For decades U.S. security policy has followed two distinct tracks. In Europe, the Pacific Rim and the Middle East, the extent of American national interests and the possibility of aggression by hostile states led to a direct approach with formal security treaties and the stationing of U.S. forces. In places like Latin America, Africa and, more recently, Central Asia, U.S. strategy was indirect, focusing on security assistance and the provision of advice and training. Partnerships were the coin of the realm. The idea was that other country’s militaries, helped by the United States, would take responsibility for security in their nations and regions.
This "economy of force" approach gave the United States some influence while keeping the costs low. But it also had limitations. When partner militaries proved ineffective or repressive, Washington often had to choose between writing a country off or shifting to direct involvement -- think Vietnam in the early 1960s. At times, conflicts that might have been prevented or kept small instead grew when America's strategic partners proved not up to the tasks Washington envisioned for them. Still, it was better than nothing.
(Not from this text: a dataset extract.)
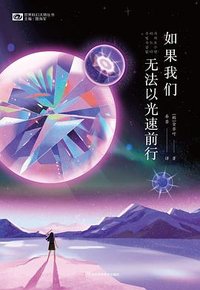 如果我们无法以光速前行 (四川科学技术出版社 2022)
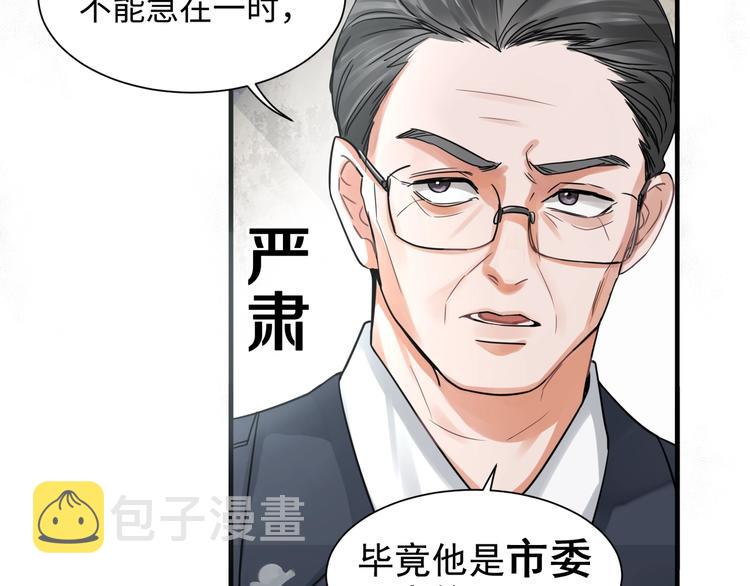 第6话 纹身的秘密88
During the Cold War, U.S. policymakers often stuck with flawed or repressive partners, assuming that friendly dictators and their armed forces were at least better than Soviet-backed communists. "He might be a son of a bitch," President Franklin Roosevelt is claimed to have said about a Latin American dictator, "but he's our son of a bitch." This attitude began to shift as the Cold War wound down. By the 1980s, many Americans, particularly those on the political left, were less inclined to tolerate repressive allies. In this new political context, the United States cast loose friendly dictators like Nicaragua's Anastasio Somoza, the Philippines' Ferdinand Marcos and Zaire's Mobutu Seso Seke.